Threat of respiratory syncytial virus infection knocking the door: a proposed potential drug candidate through molecular dynamics simulations, a future alternative.

Abstract

The discovery of antiviral approaches to prevent or cure respiratory syncytial virus (RSV) infections is critical, particularly because RSV is one of the most common causes of infant respiratory problems. There is currently no approved vaccination available to treat RSV infections. FDA has approved the drug ribavirin, but it is not sufficient to treat RSV. This work aimed to find and study in silico anti-RSV drugs that target matrix protein and nucleoprotein. In this study, we have identified five drug candidates that had better binding energies than ribavirin. Garenoxacin appeared as top lead compounds between them. AutoDock Vina was used to execute molecular docking of a library of chosen chemicals.

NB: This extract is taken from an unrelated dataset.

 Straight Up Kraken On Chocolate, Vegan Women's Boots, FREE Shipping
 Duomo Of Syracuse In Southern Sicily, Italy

The high-score compound was then confirmed using the Maestro 12.3 module's molecular dynamics simulation and the binding energies derived using Prime/Molecular Mechanics Generalized Born Surface Area (Prime/MM-GBSA). Comparative molecular dynamics simulations revealed that garenoxacin has better stability and high residue contacts with high binding affinity than ribavirin. This study showed garenoxacin could prevent RSV infection better than ribavirin. In pursuing a more effective RSV control drug, additional research into these chemicals in vitro and in vivo is essential.